Golf administra­tors confident vote for one governing body will succeed

- Brian Keogh

TODAY is D-Day and officials remain “confident” that Irish golf will vote in favour of the landmark formation of one governing body for men and women and bury forever that notion that golf is stuck in the Dark Ages.

Ballots on the proposal will take place at an EGM of the Golfing Union of Ireland (GUI) at Knightsbro­ok Hotel in Trim and the AGM of the Irish Ladies Golf Union (ILGU) at the Red Cow Moran Hotel in Dublin, both scheduled for 12.30.

The ILGU is boldly predicting massive approval from its clubs and while a GUI majority is likely to be smaller, anything other than approval by clubs of the joint proposal for the formation of what will be called ‘Golf Ireland’ would be a major surprise.

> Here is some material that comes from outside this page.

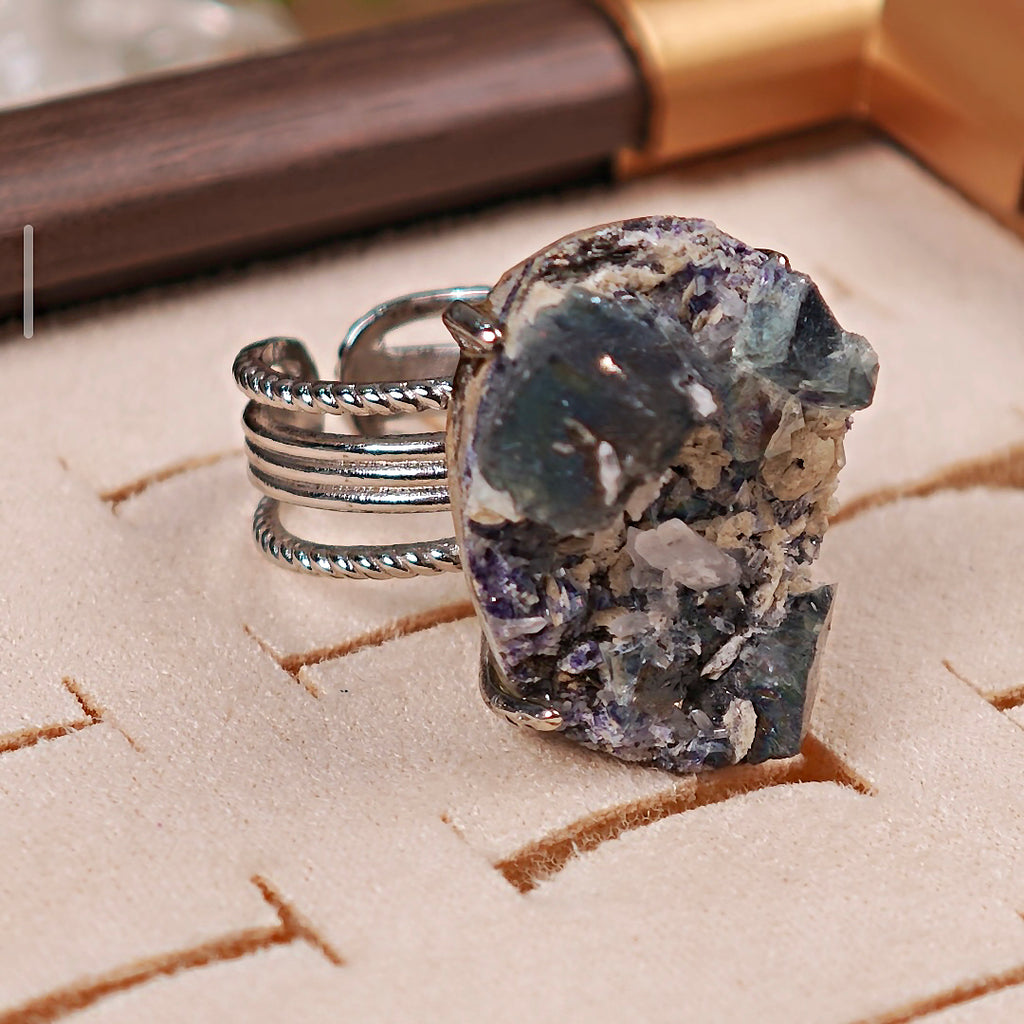 Raw Phantom Fluorite Adjustable Ring – Natural Mineral Stone Ring, Handmade One of a Kind Jewelry-004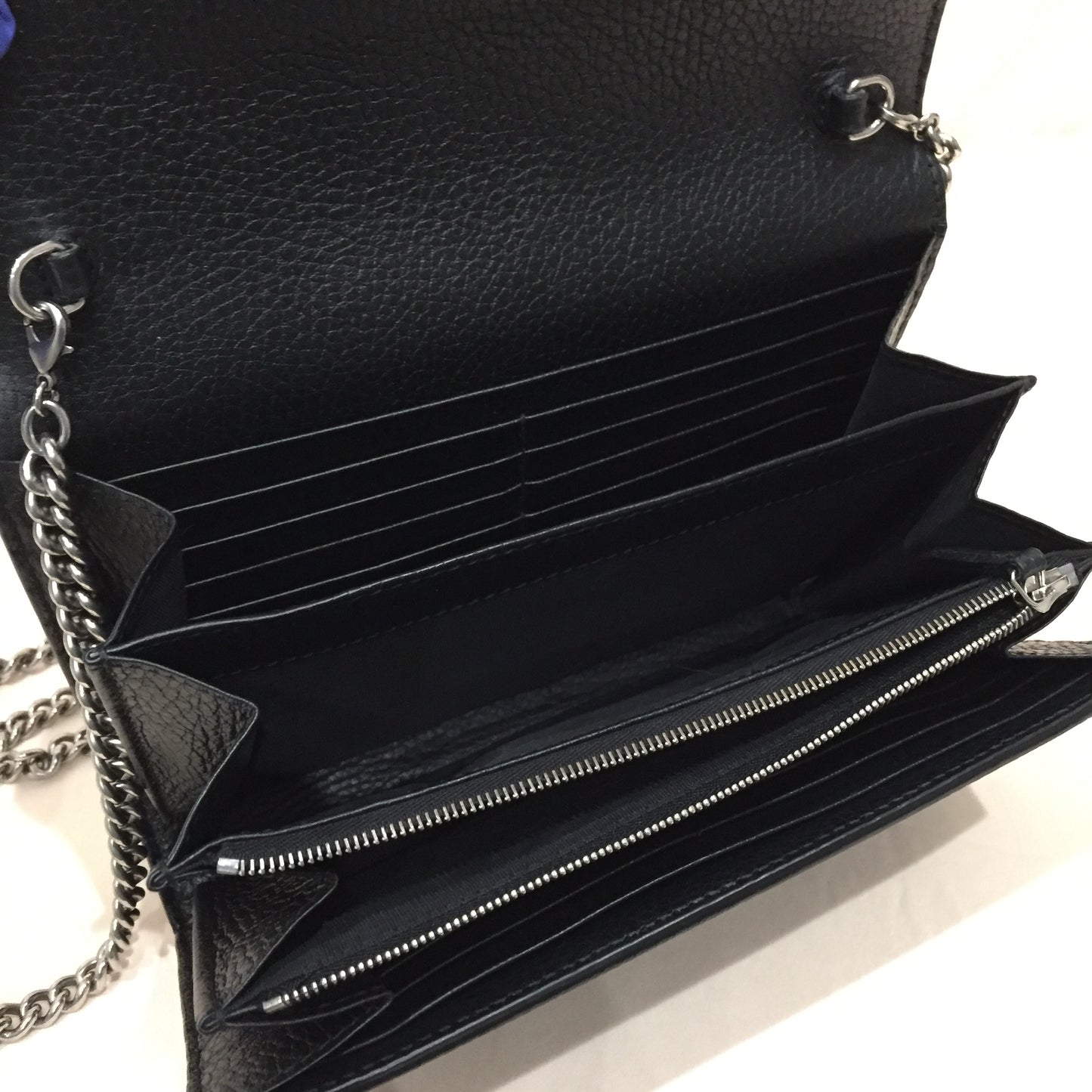 Gucci Black Calfskin Leather Dionysus Wallet On Chain Crossbody Bag Sku# 72416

Ireland is the only country in the world that still has two separate governing bodies for golf, divided along gender lines and like the GUI and the ILGU, Sport Ireland and Sport Northern Ireland, who provide vital funding for the game, would like to see change.

The other ‘home’ nations have all made the move and so today should mark the end of an era for golf administra­tion here, which began in the Victorian era when the GUI was founded in 1891 and the ILGU two years later.

The ILGU requires 75pc majority in favour of the proposal while the GUI, the oldest national golf union in the world, needs two-thirds to give the all-clear to begin the transition that is designed to give golf one voice and arrest a 25pc fall in club membership over the past 10-12 years.

“We have to reduce this notion of golf being male-dominated,” GUI CEO Pat Finn said of his vision for Golf Ireland, which is not a merger of the GUI with the ILGU but a brand new organisati­on.

“If you were fast forwarding ten years, you’d like to see a golf club run the same way as a tennis club, where gender simply doesn’t come into the equation.”

“The primary reason we are doing this is to support members and secure the future of the game,” said ILGU CEO Sinéad Heraty, who believes a no vote could kill the proposal for years to come.